La recuperación de un título clave de nuestro repertorio como Tres sombreros de copa de Miguel Mihura en el Centro Dramático Nacional recuerda en estos tiempos explícitos que existe el humor blanco, el que no se ríe de nadie, que ni es sátira ni burla, pues su propósito es el chiste inesperado, fantasioso y absurdo. Comicidad candorosa, sentimental y extravagante, hoy fuera de circulación pero de una efectividad y un poder reconstituyente para un público que se entrega al aplauso al terminar la función y que obliga al elenco a salir varias veces.
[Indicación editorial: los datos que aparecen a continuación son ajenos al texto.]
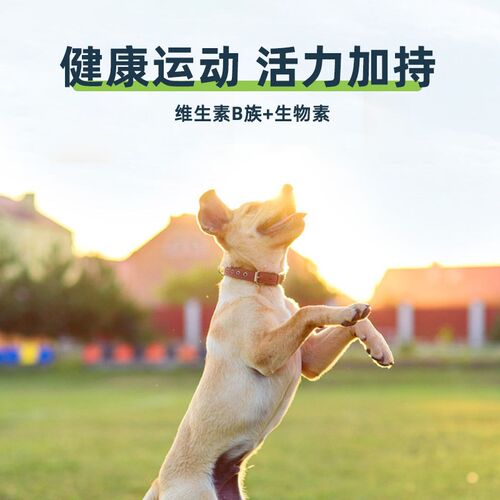 宠物大本营猫咪维生素b防掉毛狗狗营养补充宠物猫用复合维生素片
La producción del CDN tiene una buena y bonita factura. Su directora, Natalia Menéndez (hija de Juanjo Menéndez, que precisamente estrenó esta obra en 1952) no solo ha acertado con la pareja protagonista de este artificio cómico -Dionisio y Paula-, también con una puesta en escena que relaciona la obra con el fantástico mundo del circo y la revista musical al que Miguel Mihura era tan aficionado, y para la que ha contado con Alfonso Barajas como escenógrafo y Juan Gómez Cornejo como iluminador.
Sin dos actores que afinen con el carácter de los personajes protagonistas, dos almas gemelas, no habría comedia. Y Pablo Gómez Pando compone muy bien a Dionisio, ese cándido soñador al que la vida acecha maliciosamente pero que logra por un instante -la noche previa a su boda- dar rienda a su imaginación y descubrir que su felicidad, precisamente, no está en el matrimonio aburrido y burgués que le espera. La bella Laia Manzanares es Paula, una bailarina ingenua que le descubre a Dionisio los placeres sencillos de la vida, y que como quería el autor, debe comportarse como el único personaje de este artefacto cómico que "vive su romance con una gran verdad".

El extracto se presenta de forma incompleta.